Preheat the oven to 425°F and line a baking sheet with foil.
Spread butternut squash, mushroom, onion, garlic, and thyme out onto the baking sheet. Drizzle with oil and sprinkle with curry powder. Mix well, then roast for 20-25 minutes or until squash is fork-tender, stirring halfway.
De-stem the thyme and discard the branches. Add roasted vegetables to food processor, along with Parmesan cheese and ½ teaspoon salt and pepper each. Leave a small opening so steam can escape, then pulse until finely minced. If you don't have a food processor, finely dice with a knife. Season to taste.
On a lightly floured surface, roll pie crust to about ⅛" thickness. Use a bowl or ring cutter to cut into circles (I recommend a 5" diameter). Repeat with the scraps until all the dough has been used.
In a bowl, make the egg wash by whisking together egg and 1 tablespoon water until frothy.
Divide the squash mixture amongst the dough (5" circles should fit about 2 tablespoon filling each). Use a clean finger or pastry brush dipped in the egg wash to wet ½ the edge of the dough, then fold in half and lightly seal.

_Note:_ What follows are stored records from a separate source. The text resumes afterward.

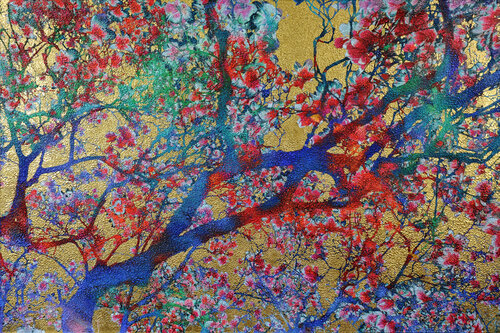 Bright Golden magnolia van Karin Vermeer, Schilderij te koop op Singulart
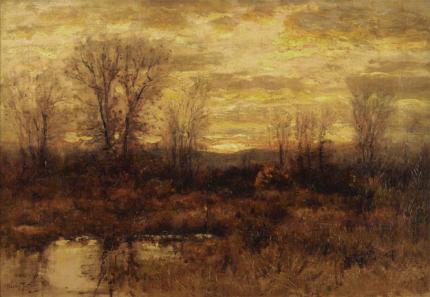 Charles Partridge Adams, "Evening, Early November", oil, c. 1900 painting for sale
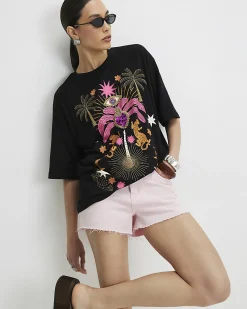 Black Cotton Short Sleeve Printed T-Shirt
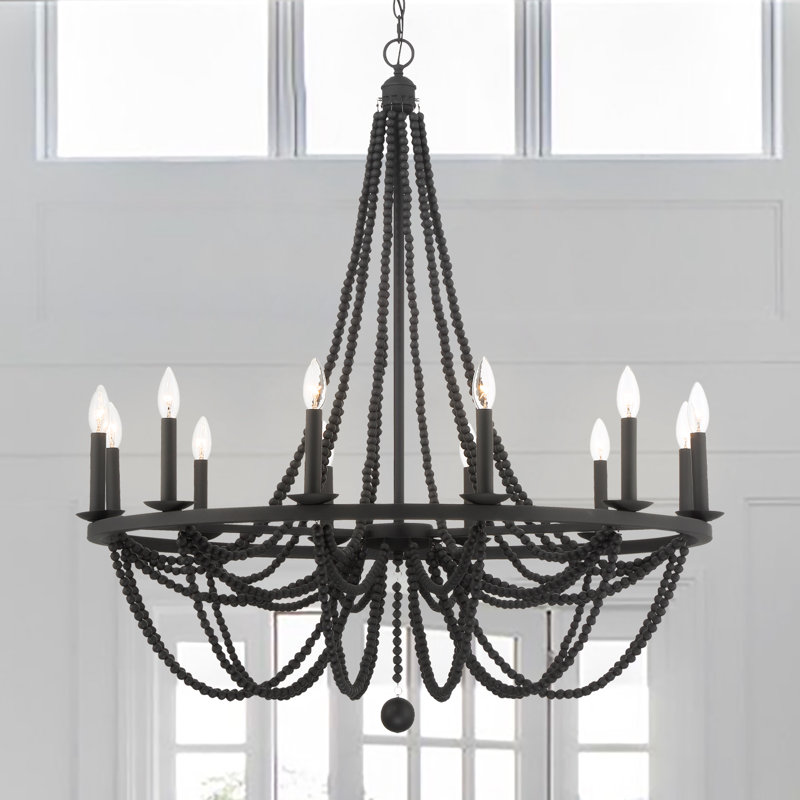 Lustre perlé à intensité variable 12 lumières Knaack , Zinc vieilli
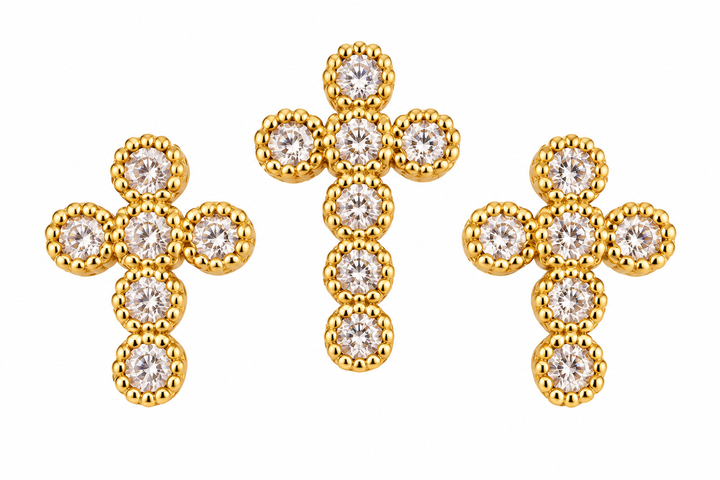 Small Micro Pave Cross Charm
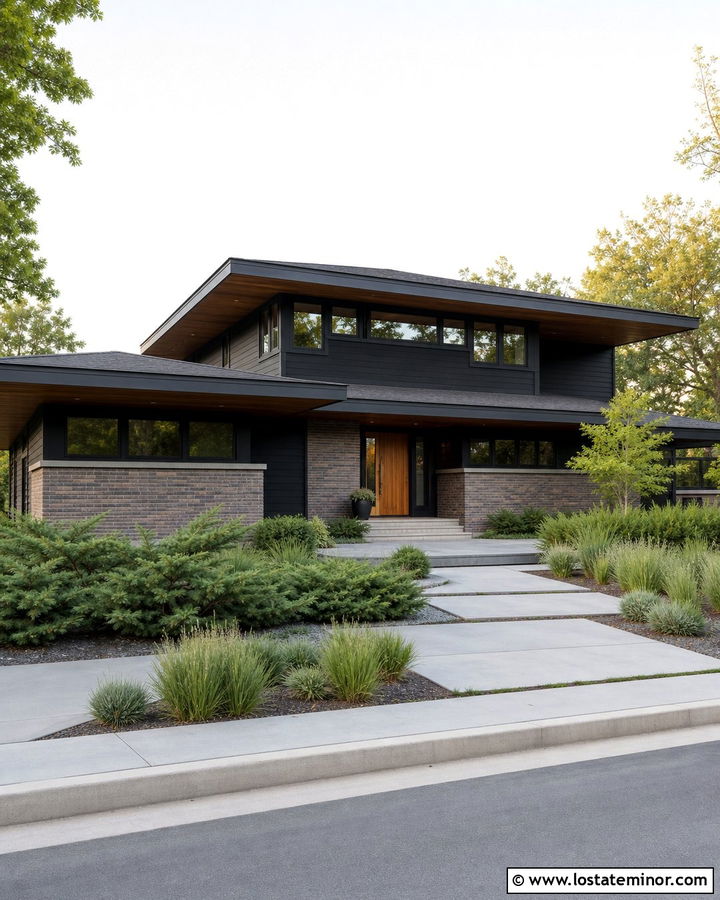 Black Prairie House With Thin Brick Wainscoting - 30 Black House Design With Wainscoting Ideas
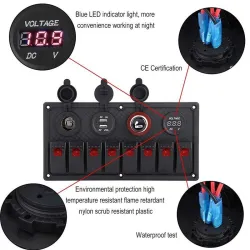8 PCS Rocker Switch Panel - Cigarette Lighter SocketElectronica & Gereedschap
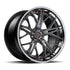 MV Forged SL-501 Spoke-Lite forged wheel, 3-piece configuration with a gunmetal face and polished lip, three-quarter view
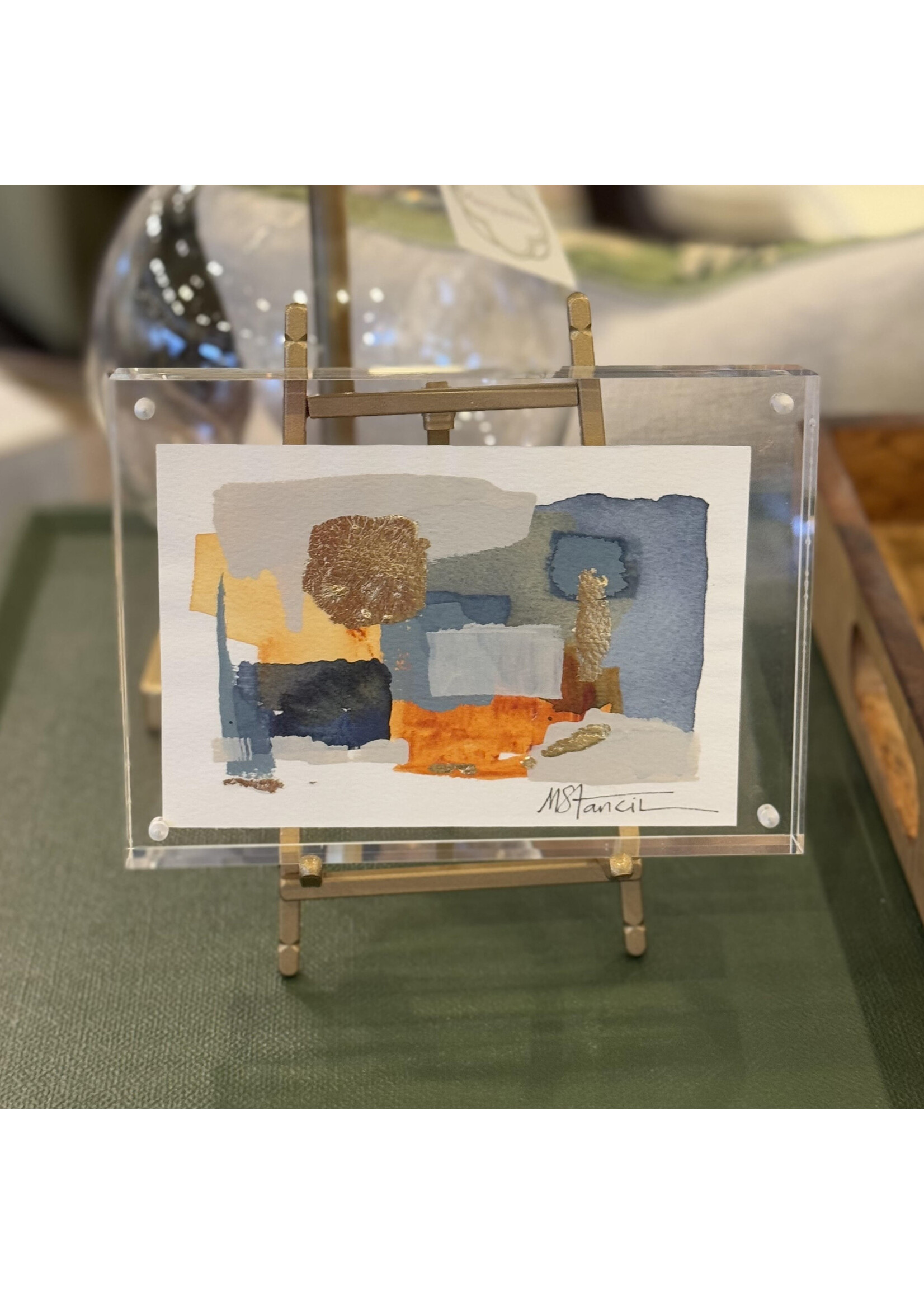 Horizontal Abstract in Lucite on Easel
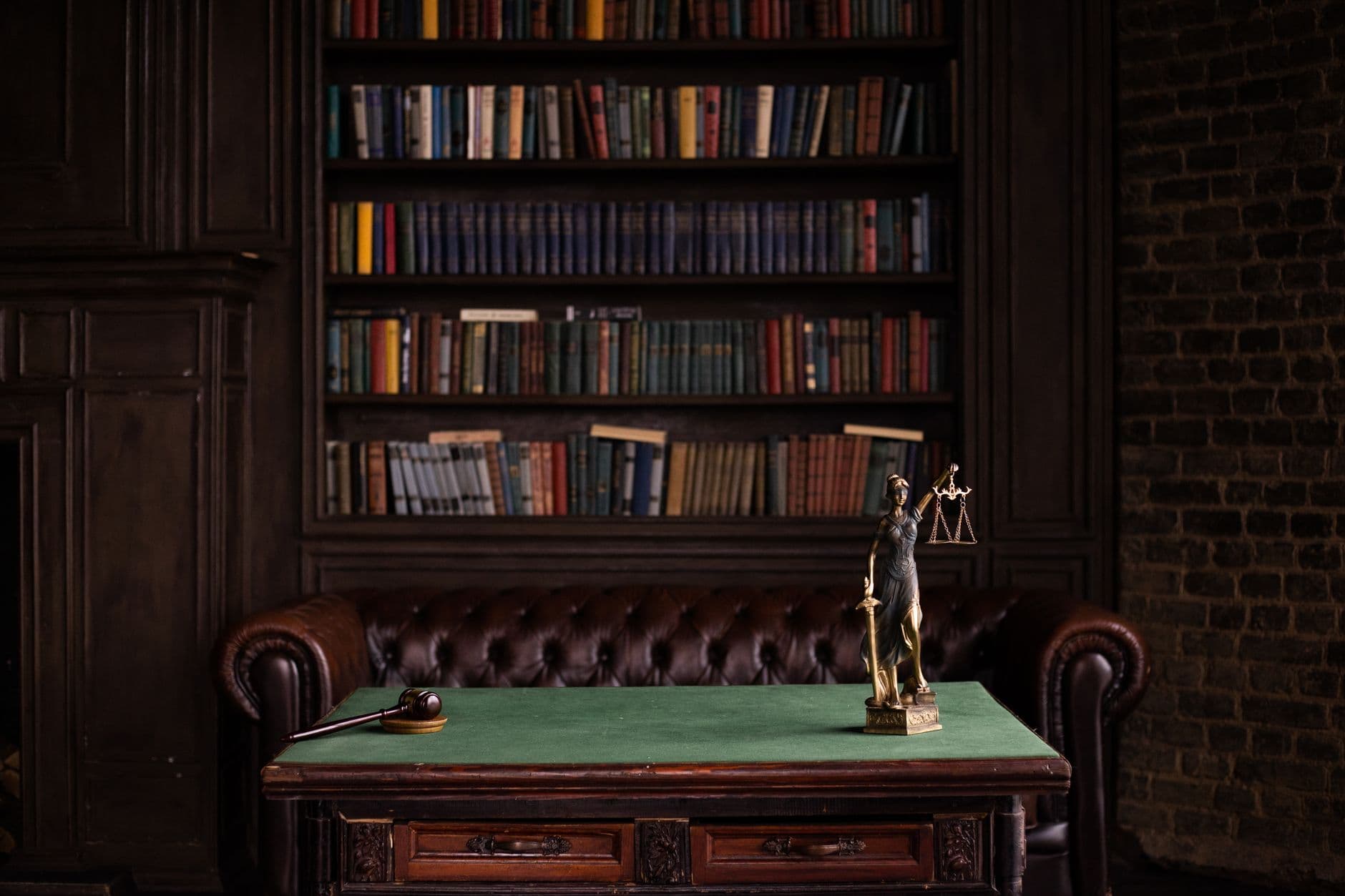 Professional law office with scales of justice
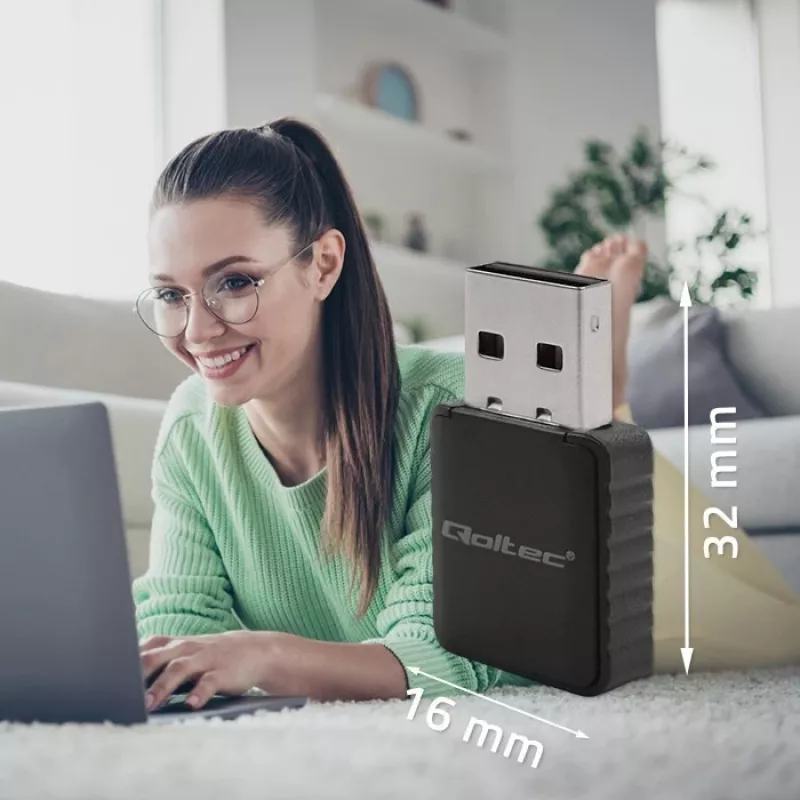 Adattatore wireless USB QOLTEC 56988 dual band 1300Mbps USB 3.0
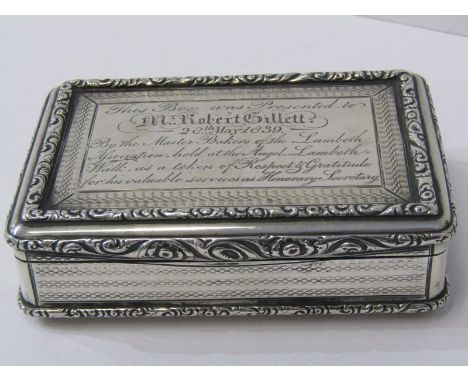 WILLIAM IV SILVER PRESENTATION SNUFF BOX, HM silver rectangular snuff box with presentation inscription to "Robert Gillett, 1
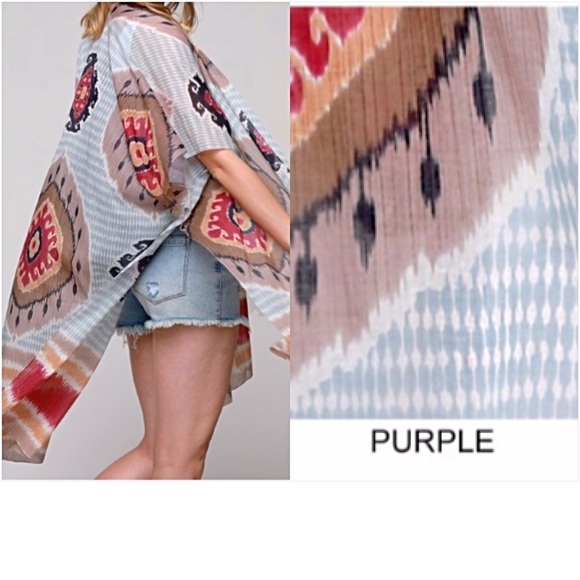 Bohemian Beach Coverup Kimono Cardi O/S - Picture 5 of 8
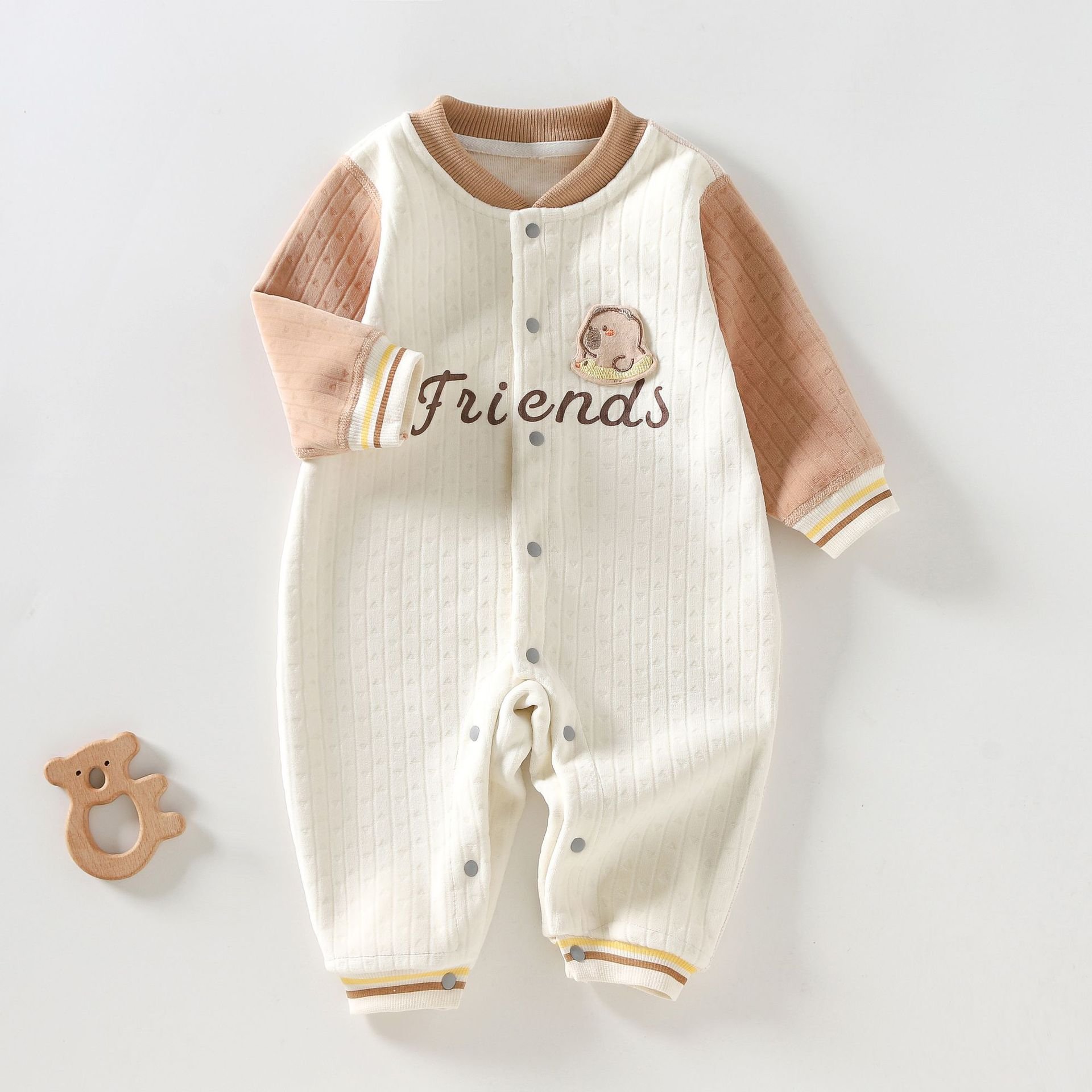 Baby Autumn And Winter New Warm Clothing Baby Onesie Comfortable Velvet Pajamas Base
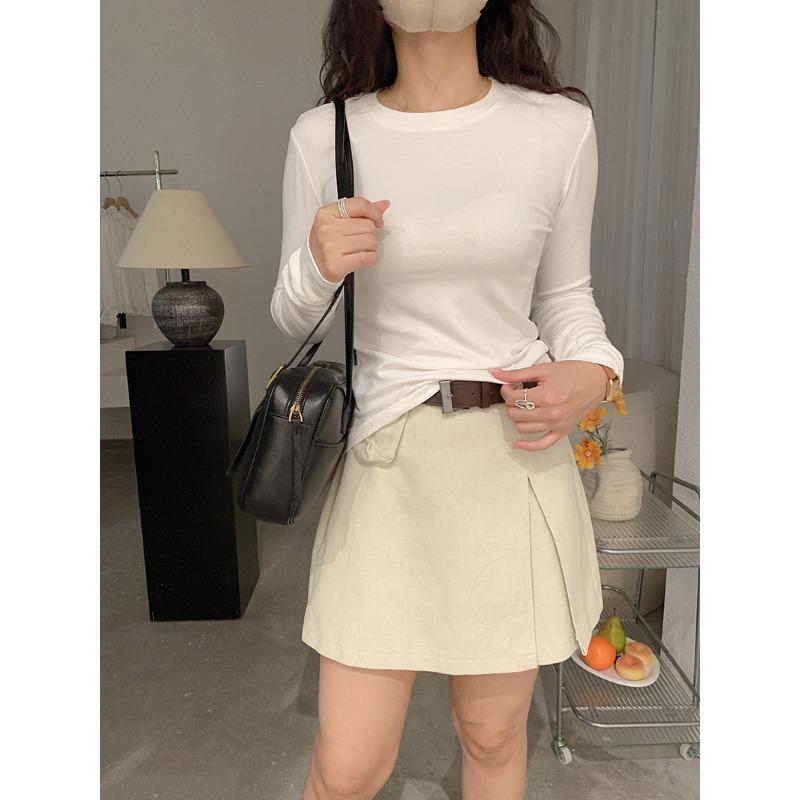 Frühling Herbst Rundhals Einfarbig Unterteil T-Shirt Damen Langarm Schlicht Allround Elastischer Pullover T-Shirt Top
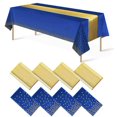 thumbnail image 1 of MesaSe 1 Pack Plastic Table Cloth Cover + 1 Pack Satin Table Runner for Parties  Disposable Tablecloth for Rectangle Tables  Birthday Wedding Graduation Mather Valentine‘s Day Christmas P, 1 of 8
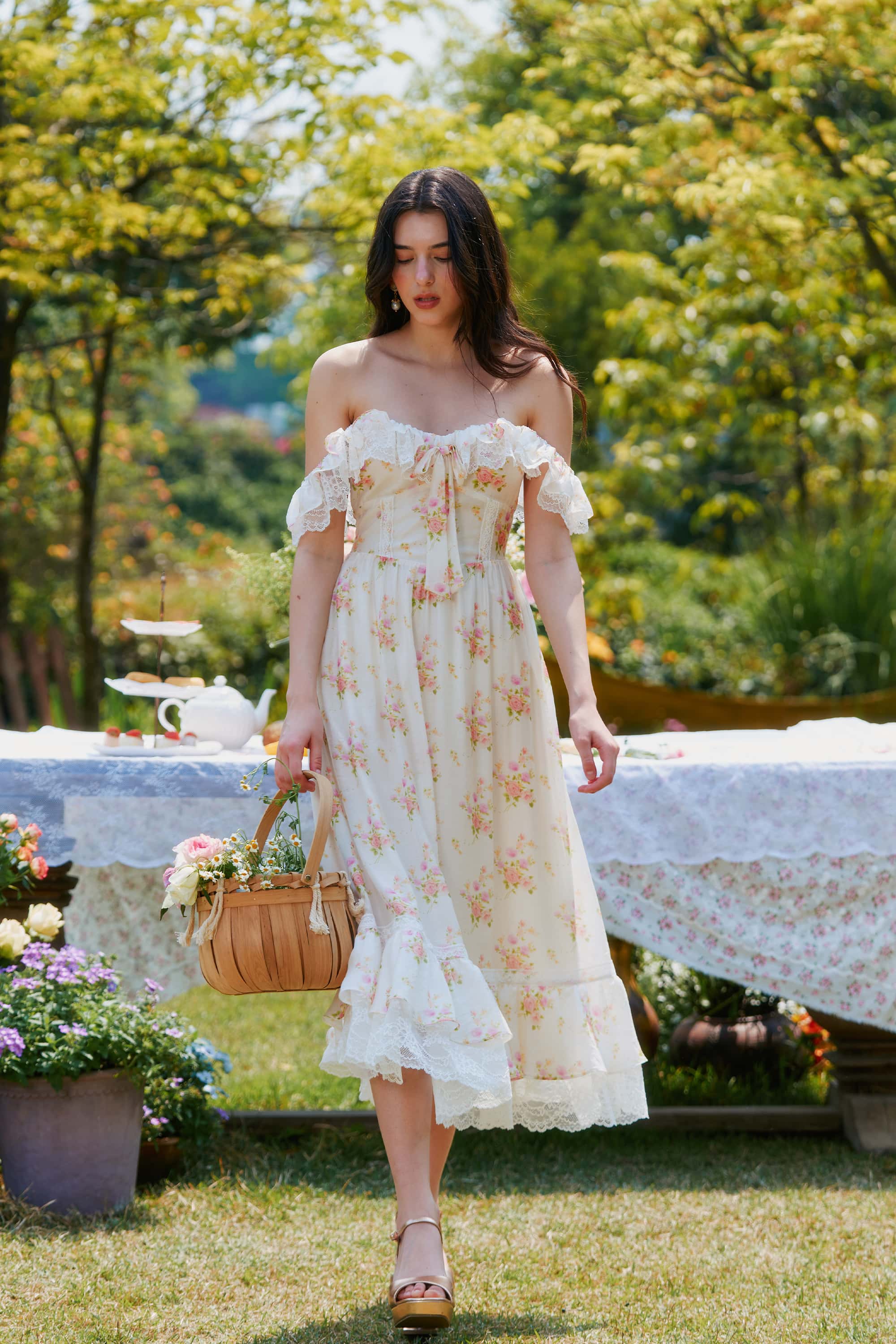 Anya Floral Crepe Midi Dress in White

Use a fork to crimp the edge.
Place empanadas on a foil-lined baking sheet. Brush egg wash onto the tops and bake for 20-25 minutes until golden.
Notes
To make Butternut Squash and Mushroom Empanadas in the air fryer, preheat your air fryer to 375ºF. Air fry for 10-12 minutes (in batches) or until golden brown.
Even if you buy pre-chopped butternut squash, make sure to cut them further into ½-1" pieces. This will ensure an even roasting time with the other vegetables.
To ensure even thickness when rolling out the pie crust, I like to use a rolling pin with adjustable thickness rings. Alternatively, you can place a coin on either side of rolling pin. I also like to roll the pie crust between parchment paper (usually the ones they came in) for less mess.
Substitutions:
Substitute fresh thyme with ½ teaspoon dried thyme.
If you don't have curry powder, you can make your own blend or replace it with taco seasoning, chili powder, or cumin
Instead of Parmesan cheese, try queso fresco, cotija cheese, or goat cheese.
For a more authentic dough, you can make homemade empanada dough. You can also buy pre-made empanada dough discs.